The pollutant Cadmium (Cd) is widespread in the environment and causes alterations of human health by acting as an endocrine disruptor. Bone tissue seems to be a crucial target of Cd contamination. Indeed, we have previously demonstrated that this endocrine disruptor induces osteoblast apoptosis and necrosis. Thus, aim of this study was to further evaluate the effect of Cd on osteoblasts homeostasis, investigating potential modification of the Wnt/β-catenin intracellular pathway, the intracellular process involved in programmed cellular death and the cytoskeletal alterations. To this purpose, human osteoblastic Saos-2 cells, a human osteosarcoma osteoblast-like cell line, were cultured and treated with Cd.
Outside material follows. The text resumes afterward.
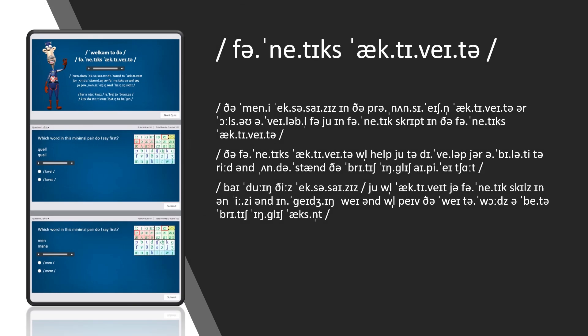Phonetics Activator. The many exercises in the Pronunciation Activator are also available in phonetic script in the Phonetics Activator. The Phonetics Activator will help you to develop your ability to read and understand the British English IPA Chart. By doing these exercises, you will activate your phonetic skills in an easy and engaging way and will pave the way towards a better British English accent.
Osteoblastic cells were treated for 6 h with 10μM Cd, which induced nuclear translocation of β-catenin and increased expression of Wnt/β-catenin target genes. Longer exposure to the same Cd concentration induced osteoblastic cell apoptosis. To better characterize the intracellular events involved in these Cd-induced alterations, we evaluated the effect of Cd exposure on actin filaments and proteins associated to cytoskeletal actin, characterized by the presence of LIM domains. Long (15, 24 h) exposure of osteoblasts to Cd reduced LIM proteins expression and induced actin filaments destruction and a significant caspase-3 activation after 24 h. In addition, to prove that Cd induces osteoblastic cells apoptosis after long exposure, we performed TUNEL assay which demonstrated increase of cell apoptosis after 24 h. In conclusion, our study shows that osteoblasts exposed to Cd for short intervals of time demonstrated an increase in cell proliferation through a Wnt/β-catenin dependent mechanism, likely as a compensatory mechanism in response to cell injury. Longer exposure to the same Cd concentration induced cells apoptosis through cytoskeleton disruption-mediated mechanisms and caspase activation.